Platforms and Hardware Recommendations
Platforms
Operating System | Architecture | Version | SMP | SPMD |
---|---|---|---|---|
Linux | 64-bit | RHEL 6.6 CentOS 7.2 SLES 12 SP1 |
Yes | Yes |
Windows | 64-bit | 7/8.1/10 | Yes | Yes |
Server 2008 (R2/HPC) | Yes | Yes |
- SMP
- Symmetric Multiprocessing (Multiple processors, single memory)
- SPMD
- Single Process Multiple Data (Massive parallel processing, Multiple processors each having its own memory)
- RHEL
- Red Hat Enterprise Linux
- SLES
- SUSE Linux Enterprise Server
Hardware Recommendations
- CPU
- The faster the clock speed of the processor, along with the speed at which data is exchanged between CPU cores of processor, the better the performance.
- Memory
- The amount of memory required by an analysis depends on the solution type, types of elements in the model, and model size. Large OptiStruct solutions can require large amounts of memory. Also, memory that is not used by OptiStruct is still available for I/O caching. So the amount of free memory can dramatically effect the wall clock time of the run. The more free memory, the less I/O wait time and the faster the job will run. Even if an analysis is too large to run in-core, having extra memory available will increase the speed of the analysis because unused RAM will be used by the operating system to buffer disk requests.
- Disk drives
- OptiStruct solutions often require the writing of large temporary scratch files to the hard drive. Therefore, it is important to have fast hard drives. The best solution is to use two or more fast hard drives in RAID 0 (striped) as a dedicated place for scratch files during the solution.
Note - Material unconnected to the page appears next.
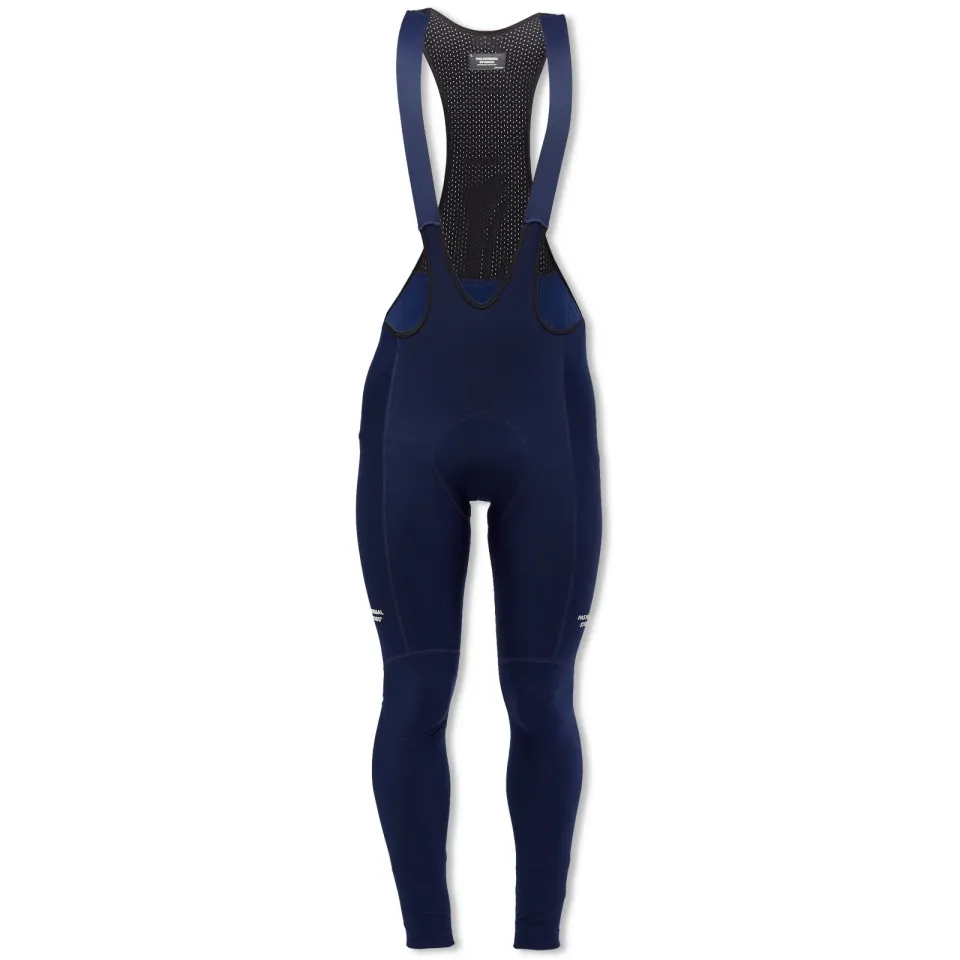 Essential Thermal Long Bib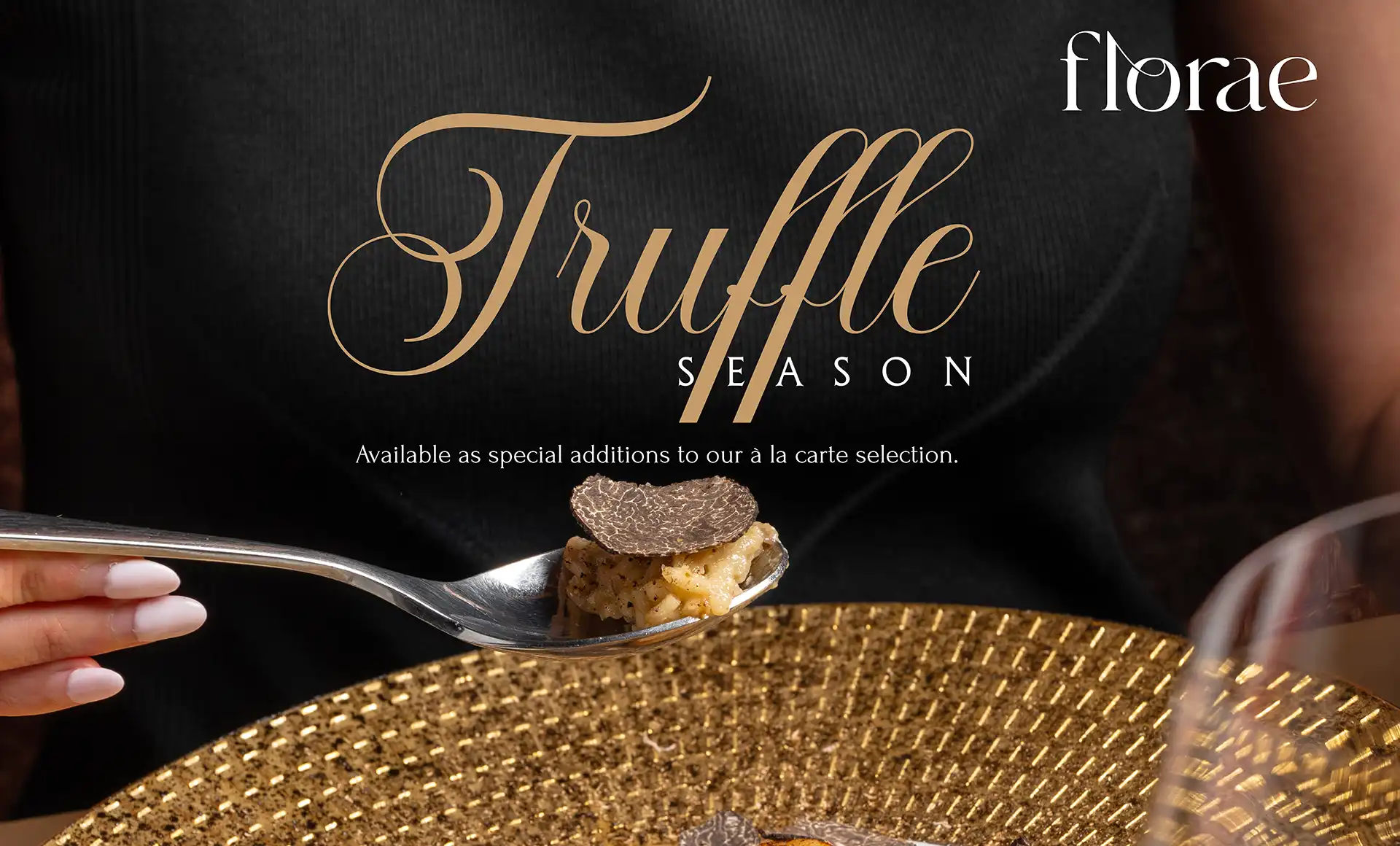 Truffle Season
A typical configuration is to have one drive for the operating system and software, and then 2-15 drives striped together as the scratch space for the runs.
- Interconnect
- The parallel SPMD versions of OptiStruct can run on multiple processors and/or on multiple nodes in the cluster. To run parallel jobs on a cluster, each should have enough RAM to run a full job in non-parallel mode. And, each node in a cluster should have its own disk space that is sufficient to store all the scratch files on that node. Cluster architecture with separate disks for each node will achieve better performance than single shared RAID array of disks. A fast interconnect is important, but anything over Gigabit Ethernet will not speed the solution visibly. When nodes use a shared scratch disk area, the interconnect speed is a critical factor for all out-of-core jobs.
For a large NVH analysis, it is recommended to have at least 8 GB per CPU with at least 4 disks in RAID 0 for temporary scratch files.